- Author(s): Drew and Natalie Dee
- Website: www.marriedtothesea.com
- Current status/schedule: updates daily
- Launch date: February 13, 2006

= Married to the Sea =

Webcomic

Married to the Sea is a webcomic by husband and wife Drew Fairweather and Natalie Dee. Both Drew and Natalie have creative input on Married to the Sea but the comic is not strictly collaborative. Each has a personal webcomic project: Drew is also the author of Toothpaste for Dinner and Natalie Dee produces NatalieDee.

There is one new comic on Married to the Sea daily. According to the site, it updates at midnight EST, "without exception". The comics themselves are composed of public domain images (Victorian or otherwise) combined with new captions written by the authors. Despite its dated appearance, frequent anachronistic references to current events, as well as modern technologies and concepts, make it apparent that the comic itself is being written in the present day. Married to the Sea has been described by New York magazine as "brilliant" and "lowbrow".

The comic draws its inspiration from many different domains, including popular music and entertainment, science, history, government, politics and philosophy. The intentions of the characters are frequently ambiguous, and their actions and words are frequently (and often bizarrely) at odds with the opinions expressed in actual Victorian-era America.

The first Married to the Sea comic was posted online on February 13, 2006. The site now sells several T-shirts and prints based on comics from Married to the Sea.

In March 2012, Drew and Natalie created three new websites full of non-comic content. These are @drewtoothpaste, The Worst Things for Sale, and Stuff I Put on Myself.

== NatalieDee==

NatalieDee is a webcomic created by Natalie Dee Fairweather, one of the authors of Married to the Sea.

There was a new comic added daily to NatalieDee.com until 2013. The Webcomics comprise various sketches illustrating amusing or anecdotal situations from everyday life. The comics do not follow a plot, but do feature recurring characters such as Natalie Dee's dogs, Chester and Charles.

There are a number of references to Natalie Dee's own life, for example her pets and previous jobs and family, although the comics are not supposed to be autobiographical.

According to The Daily Gamecock, "Natalie Dee's comics are a daily dose of amusement, entertainment and, oftentimes, confusion", while they are referred to as "unbearable cuteness" by Entertainment Weekly.
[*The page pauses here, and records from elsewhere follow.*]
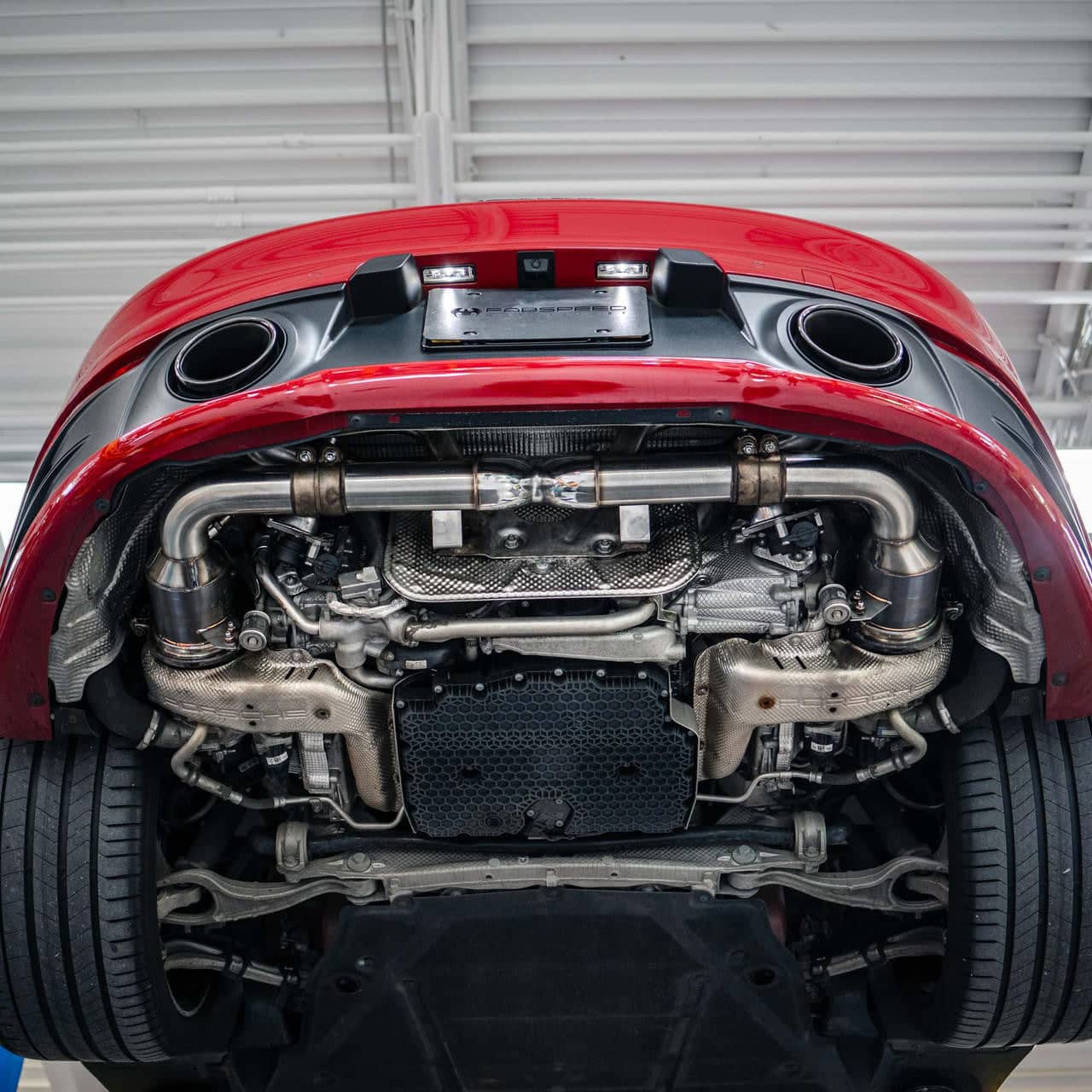 Fabspeed Porsche 992 Carrera Sport Catalytic Converters (2019+)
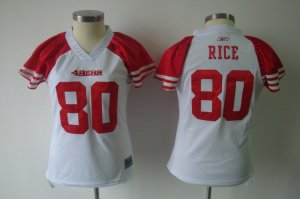 2010 Women\'s Field Flirt Fashion nfl san francisco 49ers #80 jerry rice white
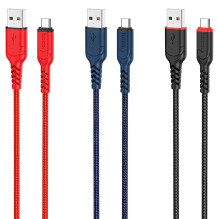 Cable USB A to Micro USB Hoco 2,4A 3 m X59 black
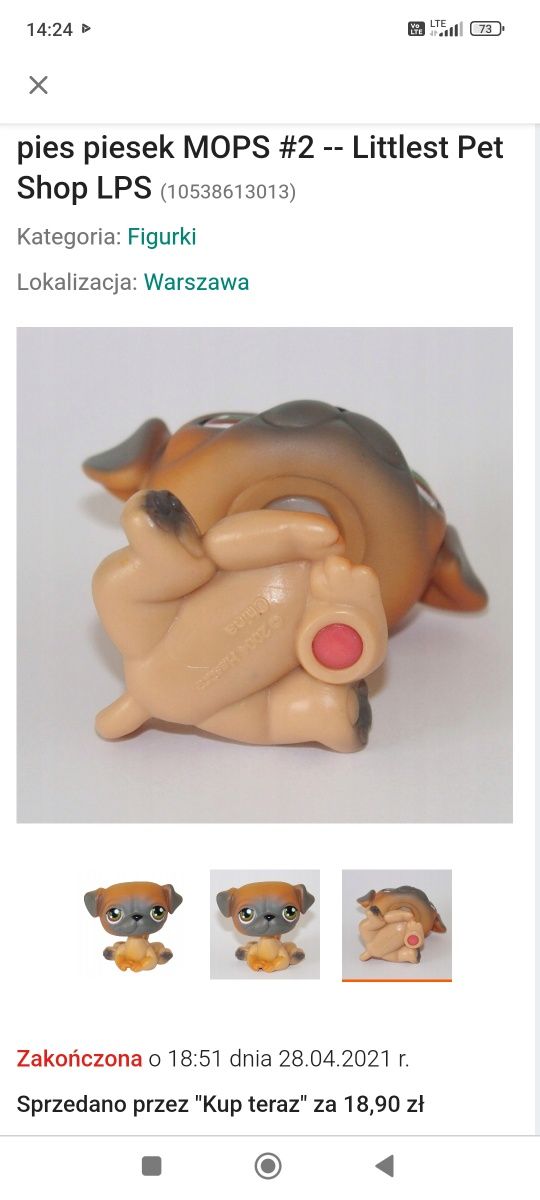 OKAZJA piesek MOPS #2 Littlest Pet Shop LPS
pies piesek MOPS #2 -- Li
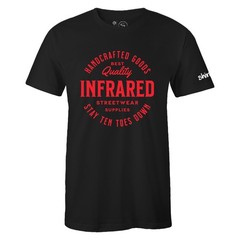Black Streetwear Sneaker T-shirt to Match Air Jordan 6 Retro ‘Infrared Salesman’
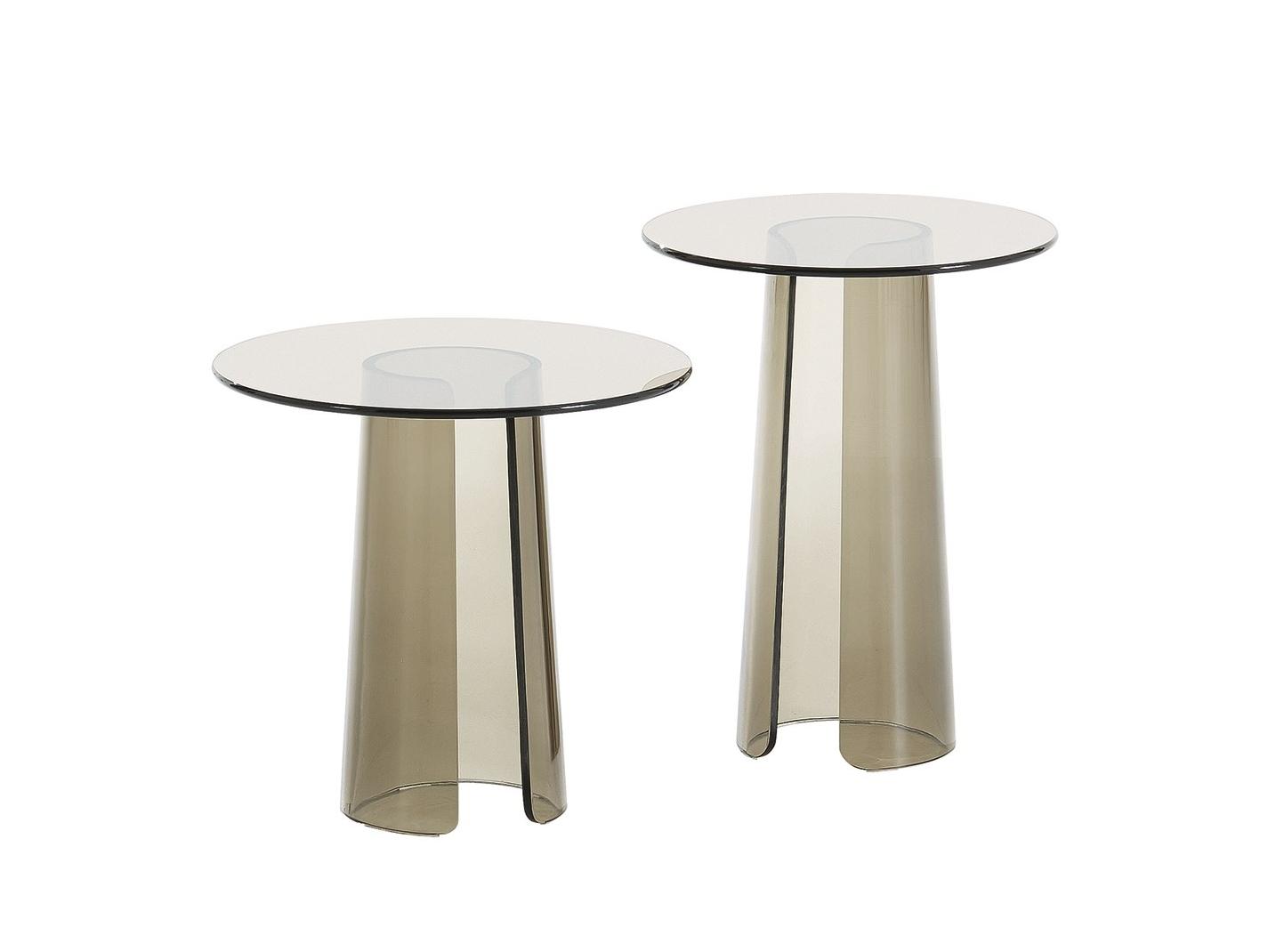 ORBIT Round glass coffee table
The first Natalie Dee webcomic was published on 17 September 2002. At this point the comic was not regularly updated. The comic began being updated on weekdays from 29 December 2003 and then daily as of 9 May 2005 until December 5, 2013.

Since the first comics the overall look of the illustrations moved away from paper drawings, using software to create the hand-drawn style. Natalie Dee sometimes blends photographs or stock imagery with illustration.

As of December 5, 2013, NatalieDee.com is no longer being regularly updated. The front page randomly shuffles comics from previous dates.

In February 2014, Natalie Dee launched NatalieDeeMachine.com, a random comic generator in the style of classic Natalie Dee comics.

== Drew==
Drew Fairweather, professionally known as Drew, is an American author and artist residing in Vermont. He is notable for being the creator of the webcomic Toothpaste for Dinner, and is the co-creator of Married to the Sea, alongside his wife Natalie Dee Fairweather.

Drew was previously a research chemist and held several patents before transitioning to full-time work with his webcomic Toothpaste for Dinner. His industry work centered around the interactions of nitrogen-bonded urea with silicone gel, which formed the basis for his later music work (under the band name Hell Orbs) as "Piss Admiral Dildo Captain". For the first two years of TFD's existence, Drew worked as a cat photographer to "make ends meet" before it became popular. In September 2006, Drew revealed himself to be the entity behind the electronic musician KOMPRESSOR, which was previously only known by the alias "Andreas K.". Drew has since released other albums under the artist name Dog Traders and CRUDBUMP. On 11 April 2011, Drew published his first novel, Veins.

In 2015 Drew revealed that he was "Mr. Eggs", a notorious internet troll who posted hundreds of times to "Misc," a forum on bodybuilding.com. Drew has also spoken of inserting false “facts” into Wikipedia articles.